We now have a situation where terrorists are holding the world hostage. Ineffectively. Either they’ll destroy the world or, if you kill them, they’ll destroy the world. So it doesn’t matter too much what you—you’re dead either way. It seems the appropriate response is to blow the terrorists up. I’m not sure if I always advocate “don’t negotiate with terrorists” but I definitely advocate “don’t negotiate with terrorists when they are going to do the worst case thing anyway”!
But that is still too easy. Let’s go to the next case. We’ll say that the current design has a 99.9% chance of producing an uFAI. But if we give the AI creators another month to finish their work their creation has a 1% chance of creating an FAI[1]. Now the DMS threat actually matters. There is something to lose. The question becomes how do you deal with terrorists in a once-off, all-in situation. What do you do when (a small percentage but all that is available of) everything is at stake and someone can present a credible threat?

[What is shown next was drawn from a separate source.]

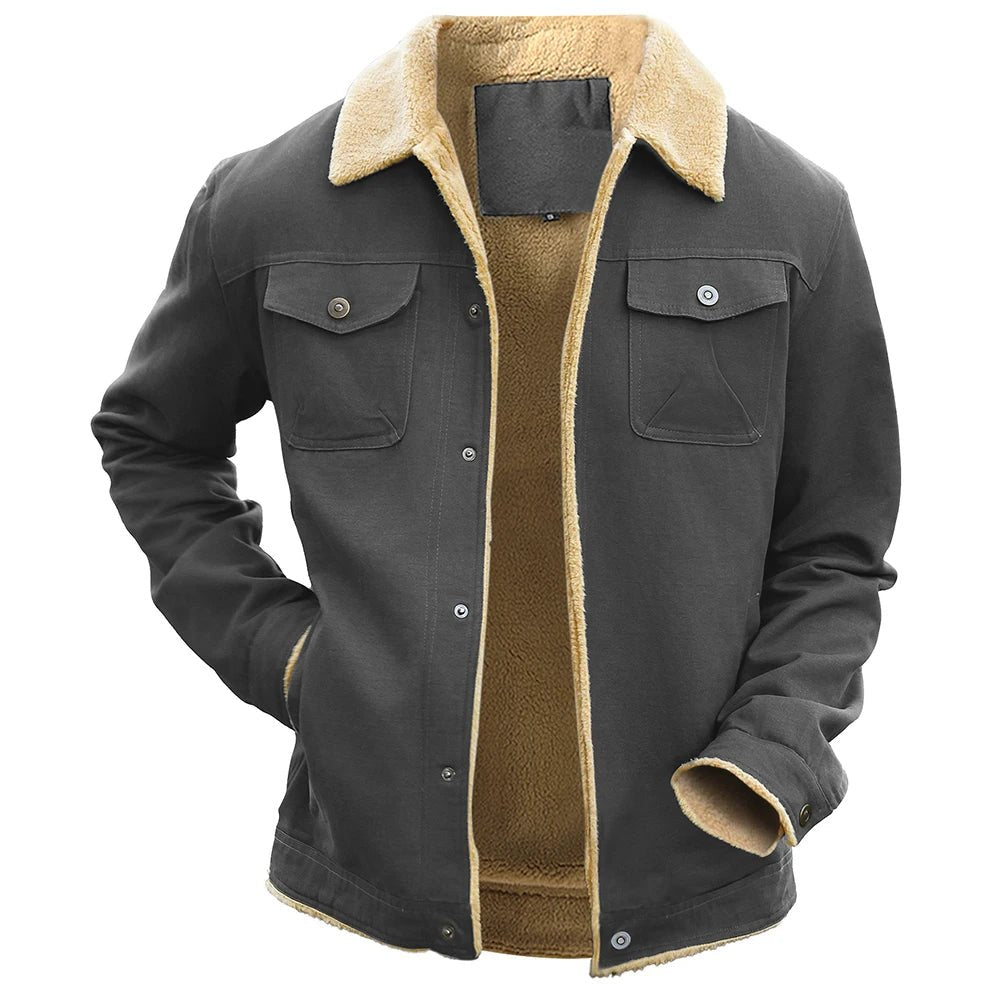 Men's Jackets Winter Warm Waterproof Fleece Lined High Quality Multi - color Coat Comfortable Casual Outerwear US Size - MAGUSTA BEAUTY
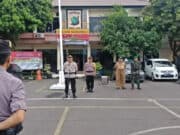 Polsek Karawaci Apel 3 Pilar Pengamanan Malam Tahun Baru 2019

I actually don’t know the answer. I am not sure there is a well established. Being the kind of group that doesn’t take the terrorists out with a missile barrage has all sorts of problems. But being the person who does blow them away has a rather obvious problem too. I recall Vladimir making a interesting post regarding blackmail and terrorism however I don’t think it gave us a how to guide kind of resolution.
[1] Also assume that you expect another source to create an FAI with 50% chance a few years later if the current creators are stopped.
Yep. Now keep in mind that the CIA, or whatever other agency you care to bring to bear, is staffed with humans — fallible humans, the same sorts of agents who can be brought in remarkable numbers to defend a religion. The same sorts of agents who have at least once¹, and possibly twice², come within a single human decision of destroying the world for reasons that were later better classified as mistakes, or narrowly-averted disasters.
Given the fact that an agency full of humans is convinced that a given bunch of AGI-tators are within epsilon of dooming the world, what is the chance that they are right? And what is the chance that they have misconceived the situation such that by pulling the trigger, they will create an even worse situation?
My point isn’t some sort of hippy-dippy pacifism. My point is: Humans — all of us; you, me, the CIA — are running on corrupted hardware. At some point when we make a severe decision, one that goes against some well-learned rules such as not-killing, we have to take into account that almost everyone who’s ever been in that situation has been making a bad decision.
¹ Stanislav Petrov; 26 September 1983
² Jack Kennedy; Cuban Missile Crisis, October 1962
Fairly high. This is a far simpler situation than dealing with foreign powers. Raiding the research centre to investigate is a straightforward task. While they are in no place to evaluate friendliness themselves they are certainly capable of working out whether there is AI code that is about to be run—either by looking around or interrogating. Bear in mind that if it comes down to “do we need to shoot them?” the researchers must be resisting them and trying to run the doomsday code despite the intervention. That is a big deal.
Negligible.
The problem here is if other researchers or well meaning nutcases take it upon themselves to do some casual killing. An intelligence agency looking after the national interests—the same way it always does—is not a problem.
This is not some magical special case where there is some deep ethical reason that threat cannot be assessed. It is just another day at the office for the spooks and there is less cause for bias than usual—all the foreign politics gets out of the way.